Two thirds of Munich’s fund selectors said they are going to increase their EM equity holdings over the next 12 months, the highest figure ever recorded in Germany. Moreover, it’s a percentage not yet seen during 2014’s EM equity sentiment rally.
Cards on Asia
Sentiment towards the asset class is materially more positive than in January this year, when it was measured last, though fund selectors in the city have always been fans of emerging market equities. Munich fund buyers are now particularly enticed by the asset class because of the rosy macroeconomic picture, especially for Asia. A number of interviewees mentioned commodity- and export-reliant economies like Indonesia, Korea and Thailand, which has rallied strongly following the military takeover in May, as attractive markets. China is also popular with some fund selectors, despite the problems it is facing on its real estate market at the moment.
An exception to the fund selector enthusiasm was, unsurprisingly, made for the current pariah of the West, Russia. Though most interviewees said they expect the current conflict between Russia and the West can be contained, they see negative consequences for Western companies with a large exposure to Russia. One fund selector, who invests in sports-related equities, pointed out that 20% of the revenues of Adidas, the German sportswear maker, are generated in Russia.
Attractive emerging market debt
Emerging market debt, especially government bonds which are usually denominated in local currencies, are popular for largely the same reasons as emerging market equities.
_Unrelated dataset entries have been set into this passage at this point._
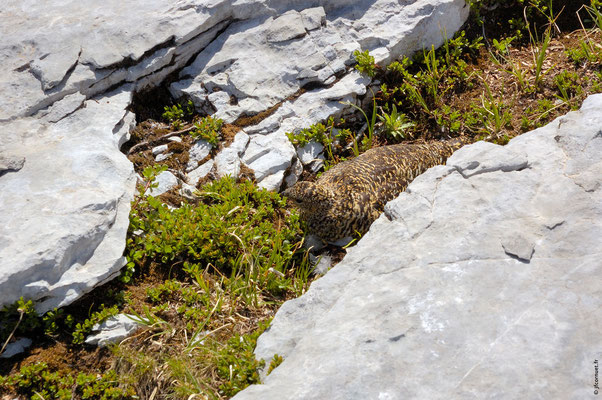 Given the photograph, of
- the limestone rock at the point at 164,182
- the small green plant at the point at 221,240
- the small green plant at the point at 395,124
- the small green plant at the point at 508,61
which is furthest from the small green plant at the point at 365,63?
the limestone rock at the point at 164,182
Though some fear the effects of Fed tapering on the asset class, following last year’s mini crash affecting the asset class, most think this will be offset by looser monetary policy on the side of the ECB.
Rotating from high yield to emd
Munich’s fund selectors even are Europe’s biggest enthusiasts on EM government bonds, with half of interviewees saying they will increase allocation to the asset class. While none of them plan to decrease their exposure to emerging market debt, EM credit is markedly less in favour, with many saying they find the asset class too risky and opaque to invest in. Only a quarter will increase their allocation, while 42% have no exposure to the asset class at all.
The popularity of emerging market debt contrasts markedly with that of the other fixed income categories, notably high yield. Many fund selectors told our researcher they are planning to decrease or liquidate their high yield positions as they feel spreads have tightened too much. They have decided to move to emerging market debt instead.